Supporting a Loved One
What Helps
- Ask if and how they want support; do not assume
- Avoid lectures, ultimatums, and surveillance
- Acknowledge the difficulty; nicotine withdrawal is uncomfortable
- Encourage use of evidence-based medications and counseling
- Mark progress — days, weeks, months — and celebrate
What to Avoid
- Treating lapses as moral failure
- Believing willpower is the active ingredient
- Discouraging NRT or varenicline because they "still contain medication"
- Pressure that increases stress during early withdrawal
Conclusion
Nicotine use disorder is the most lethal addiction worldwide, and also one of the most consistently treatable. The combination of medication and behavioral support roughly triples one-year quit rates compared with willpower alone. Quitting at any age produces substantial health benefits; quitting before middle age recovers most of the lost life expectancy.
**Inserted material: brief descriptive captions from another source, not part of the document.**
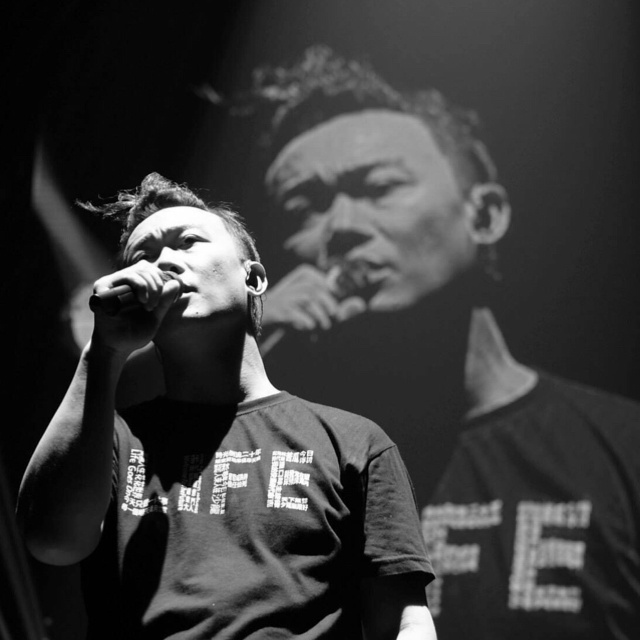 是由 a href="#" data-lemmaid="6281">周耀辉 /a>作词 ,davy chan( a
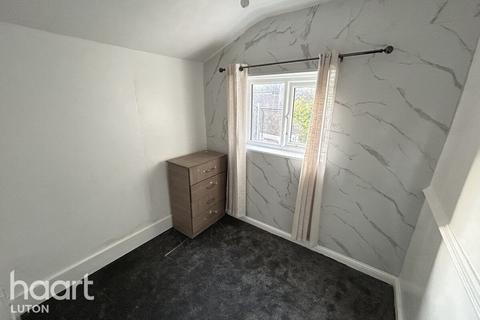 3 bedroom terraced house to rent, Hitchin Road, Luton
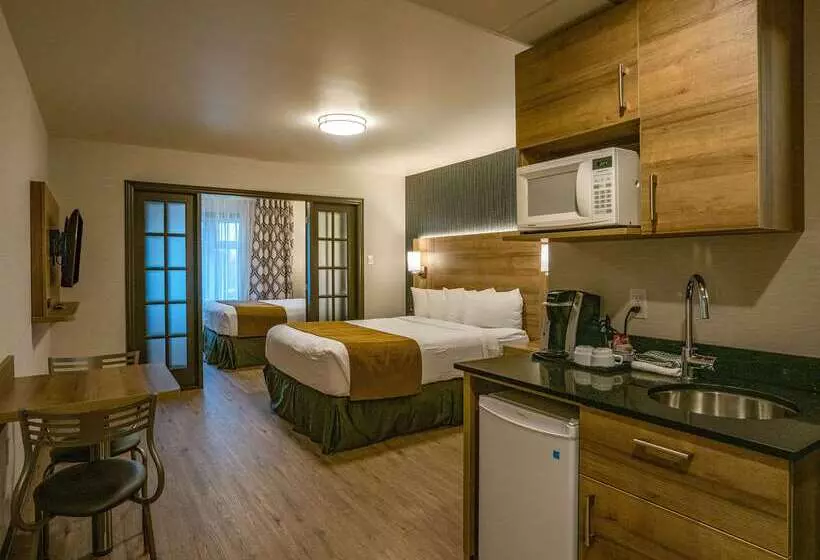 هتل Quality Suites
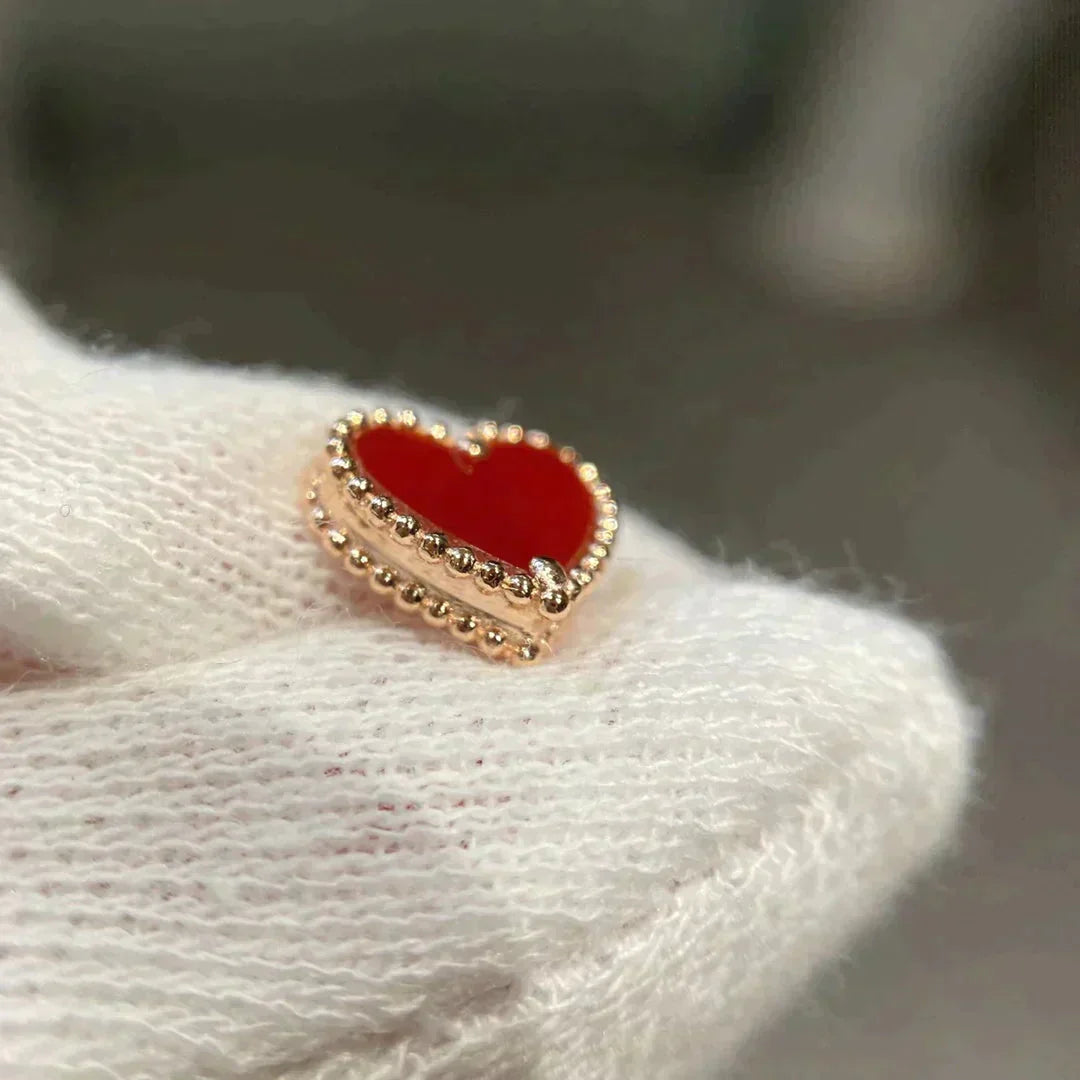 [AURORA]HEART CARNELIAN STUD EARRINGS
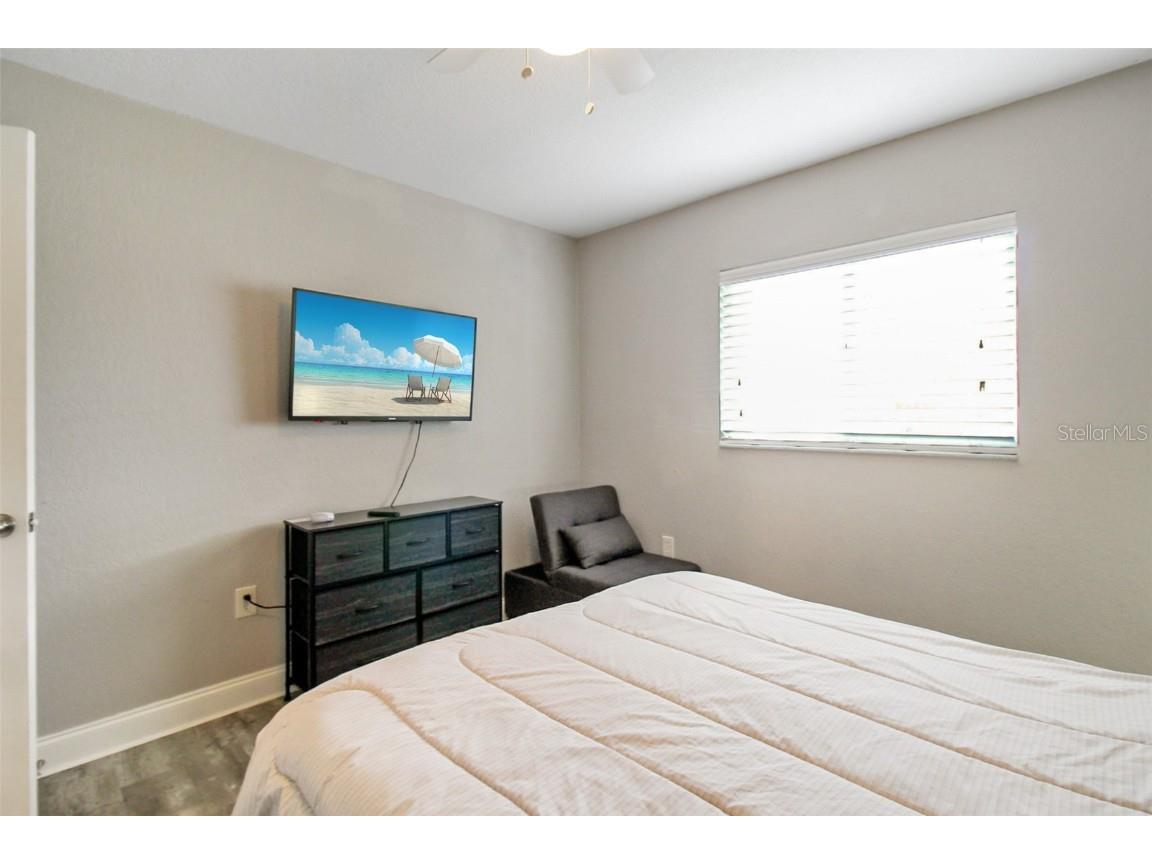 7036 13th Street E Sarasota FL 34243 A4660410 image16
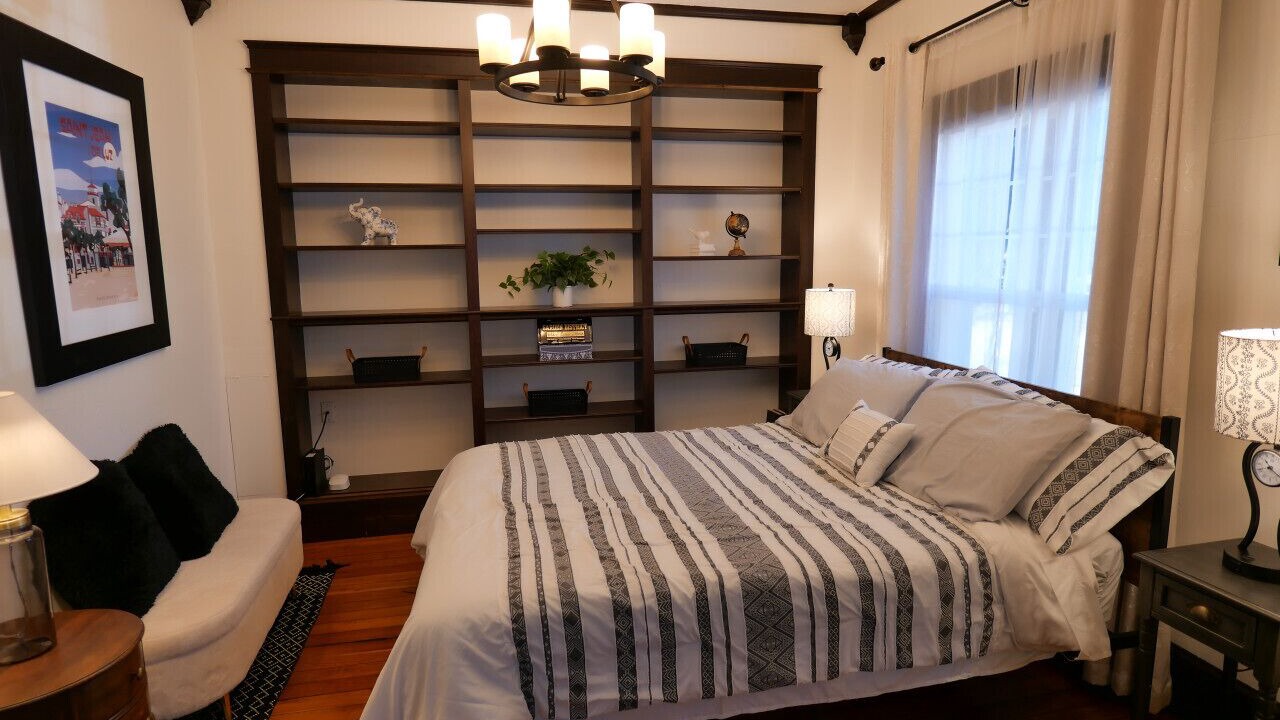 Photo of Bedroom in Garden District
Modern nicotine products — vapes, pouches, heated tobacco — have changed the landscape, particularly for adolescents and young adults. They are not innocuous, and the long-term effects of new products remain incompletely characterized. For established adult smokers, complete switching to non-combustible alternatives is likely less harmful than continued smoking; complete cessation remains the best outcome.
If you smoke or use other nicotine products and want to stop, the single most useful action is to talk to a clinician and combine medication with behavioral support. If you have tried and failed, you are among the majority of successful quitters at an earlier stage of the same journey. Quitting is not a one-shot test of will. It is a process that nearly always succeeds eventually with the right combination of tools and persistence.